The president loves his “beautiful boaters,” his well-off, pleasure-craft-owning supporters who, since early May, have held nautical parades in his honor. Throughout the summer, Trump has cited his popularity among small boat owners as proof that he is actually ahead in the presidential race. “Are we polling the boaters yet?” he reportedly asked during one June campaign meeting, fixated on a show of support that affirms his popularity among his most ardent backers: wealthy, suburban weekenders who already own several flags with his name on them.
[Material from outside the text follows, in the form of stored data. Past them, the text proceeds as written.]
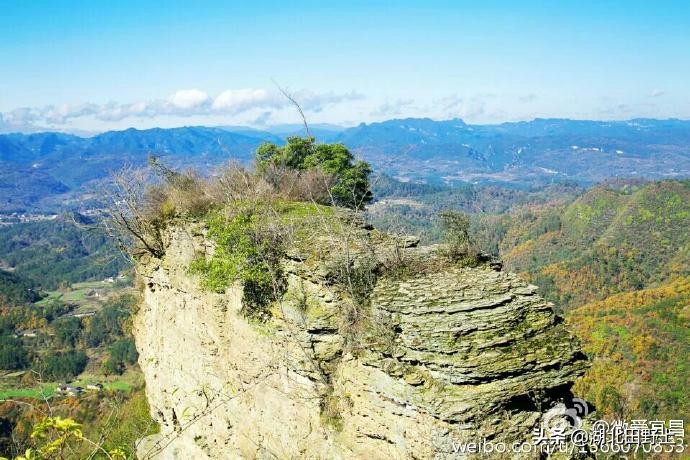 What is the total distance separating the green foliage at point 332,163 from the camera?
2198 centimetres

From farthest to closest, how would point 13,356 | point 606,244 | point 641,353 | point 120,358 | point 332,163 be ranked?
point 606,244 → point 13,356 → point 120,358 → point 641,353 → point 332,163

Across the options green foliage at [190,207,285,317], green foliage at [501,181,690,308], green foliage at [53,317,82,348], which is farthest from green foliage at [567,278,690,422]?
green foliage at [53,317,82,348]

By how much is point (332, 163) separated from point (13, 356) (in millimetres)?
104256

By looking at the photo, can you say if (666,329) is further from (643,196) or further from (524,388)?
(643,196)

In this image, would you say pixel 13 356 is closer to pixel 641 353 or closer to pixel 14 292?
pixel 14 292

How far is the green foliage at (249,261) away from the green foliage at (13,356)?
347ft

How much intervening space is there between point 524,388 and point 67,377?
4048 inches

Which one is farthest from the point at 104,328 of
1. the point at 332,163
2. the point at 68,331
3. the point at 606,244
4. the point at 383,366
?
the point at 383,366

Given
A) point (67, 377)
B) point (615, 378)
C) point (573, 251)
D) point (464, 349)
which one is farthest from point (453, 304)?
point (573, 251)

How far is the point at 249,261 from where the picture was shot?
1265 centimetres

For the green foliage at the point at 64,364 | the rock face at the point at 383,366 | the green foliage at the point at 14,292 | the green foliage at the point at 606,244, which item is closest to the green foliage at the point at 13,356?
the green foliage at the point at 64,364

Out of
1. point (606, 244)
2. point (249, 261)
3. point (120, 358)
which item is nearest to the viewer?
point (249, 261)

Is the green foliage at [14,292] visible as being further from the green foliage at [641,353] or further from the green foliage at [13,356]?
the green foliage at [641,353]

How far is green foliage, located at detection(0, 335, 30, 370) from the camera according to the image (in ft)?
313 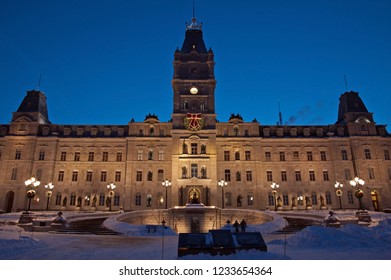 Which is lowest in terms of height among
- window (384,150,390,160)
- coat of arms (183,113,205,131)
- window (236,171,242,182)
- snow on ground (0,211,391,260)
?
snow on ground (0,211,391,260)

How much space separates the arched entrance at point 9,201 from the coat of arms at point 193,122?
30.1 m

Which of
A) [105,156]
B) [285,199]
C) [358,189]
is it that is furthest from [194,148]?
[358,189]

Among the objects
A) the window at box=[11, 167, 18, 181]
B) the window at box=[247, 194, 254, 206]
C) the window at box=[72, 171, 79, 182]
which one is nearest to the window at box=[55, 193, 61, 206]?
the window at box=[72, 171, 79, 182]

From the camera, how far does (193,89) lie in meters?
46.2

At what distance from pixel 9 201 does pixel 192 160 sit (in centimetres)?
3008

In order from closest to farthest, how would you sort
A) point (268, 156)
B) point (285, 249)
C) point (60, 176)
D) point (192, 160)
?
point (285, 249)
point (192, 160)
point (60, 176)
point (268, 156)

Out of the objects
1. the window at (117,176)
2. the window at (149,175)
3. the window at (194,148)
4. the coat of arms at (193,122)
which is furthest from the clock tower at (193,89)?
the window at (117,176)

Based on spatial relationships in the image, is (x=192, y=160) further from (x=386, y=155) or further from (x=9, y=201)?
(x=386, y=155)

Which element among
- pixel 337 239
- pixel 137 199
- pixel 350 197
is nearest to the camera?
pixel 337 239

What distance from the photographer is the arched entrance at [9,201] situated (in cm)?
4218

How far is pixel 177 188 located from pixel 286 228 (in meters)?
21.6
Encouraged by the president’s zeal, boaters have been taking to the nation’s waterways and no-wake zones throughout the summer as a show of pride in their candidate and other related political interests. But some of his supporters have done so with a little too much speed. To date, at least seven boats have capsized or sunk due to the intensity of the wakes at the maritime rallies, as detailed below:
August 17 in Portland, Oregon: One boat sunk.
On the Willamette River just north of the Burnside Bridge in Portland, a small motorboat that was not involved with the August 17 boater parade capsized due to the many rocking wakes.
Seth Ruden, who was navigating a sailboat during the parade, told BuzzFeed News that there were dozens of boats “coming at us at a very high speed” in a no-wake zone, which turned the river into a “torrential storm-like atmosphere.” Kristina Malamon, an organizer of the event, claimed that there were over 100 boats “filled with patriots and Trump flags” in attendance, and that the boat in question sank because there were too many people onboard.
September 5 in Lake Travis, Texas: Five boats sunk.
On the Sunday of Labor Day weekend, boats of “all shapes and sizes” were invited to don “as many Trump flags” as possible for a parade on Lake Travis outside of Austin. Emergency calls began coming in “almost immediately” after the noon start time, according to the Travis County Sheriff’s Office. “We had an exceptional number of boats on the lake today,” the sheriff’s office spokesperson Kristen Dark said. “When they all started moving at the same time, it generated significant waves.”
“We train for water rescues regularly, but this is the first multi-vessel, multi-incident water rescue that we’ve responded to not precipitated by a collision,” said Braden Frame, president of the Lake Travis Fire Fighters Association, on a day with only 10 to 15 mph winds.
As of Monday morning, three of the five boats have been towed out of the lake. And as Newsweek notes, a widely circulated picture of a boat with a Trump flag sitting at the bottom of Lake Travis was doctored.
September 6 in River Falls, Wisconsin: One boat capsized.
Labor Day is traditionally a big boating weekend, and it certainly was for Trump’s “beautiful boaters.” On Sunday, a nautical Trump parade in Wisconsin resulted in a docked boat capsizing, according to WCCO in Minneapolis. “The waves were probably four to five footers pounding my boat into the dock,” Keith Smith, an observer whose neighbor’s boat was capsized, told WCCO. “Boaters all know they’re responsible for their waves, but nobody cared. They just kept going and going and hooting and hollering. Luckily I didn’t slip and go off the side of the dock.”